# Stereo Speakers - best wall mount solution under 600 EUR



## chrisr34000 (Dec 19, 2013)

Hello everybody!



I'm looking for new speakers to use mainly (85%) for movies, but also sometimes for music. The source will be a Desktop with a X-Fi Music.



Because I don't have much free space in my room, I'd be happy with a 2.0 solution, where I don't need a subwoofer or a center. My room looks like this:










The TV is drawn black, white and brown are some desks. To the left there is a window. As you can see, the geometry of the room is special and the only free space for standing speakers would be in the corners (the red dots - they would be 5 m apart, as the room is around 14 m^2 big).

So, perhaps a better route to go, would be with wall mounted speakers.



Therefore I am looking for



- active speakers or

- passive speakers+amp



for max. 600 EUR. Something with a great price/performance ratio would be awesome .


What would you suggest? I'd prefer active monitors which work very well, even when they are placed 5 cm next to a wall. This way, I'd be able to skip the amp, but I'm not sure if passive bookshelf speakers would not sound better when placed near a wall. Is there any difference between active and passive (in this price range) in this regard?



Also, should I upgrade my X-Fi Music to an Asus Xonar?
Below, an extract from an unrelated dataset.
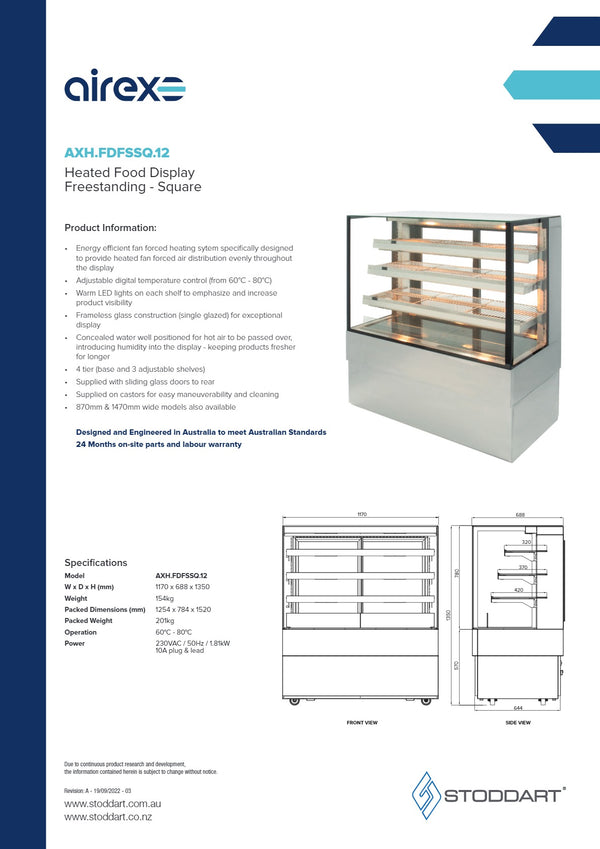 Airex AXH.FDFSSQ.12 - Heated Display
Would this bring any noticeable performance difference?



Thank you for your time and help, I appreciate it alot!



Chris


----------



## Almadacr (May 5, 2011)

If you are going for a use of a desktop only i would advise studio monitors unless you intend to ad a receiver to the budget and there the offer it's huge and can be overwhelming .


----------



## chrisr34000 (Dec 19, 2013)

Do you have a certain brand in mind?


----------



## Almadacr (May 5, 2011)

Well i really like the KRK as per quality/price speakers , the Samson Rubicon are also very nice and there's also a JBL LSR ( can't remember the exact model ) that fit's under your budget . Than everything goes up in price , for sure there are others but the ones that i listen were above your budget .

You can check out amazon UK for prices and offers since you are in Europe .


----------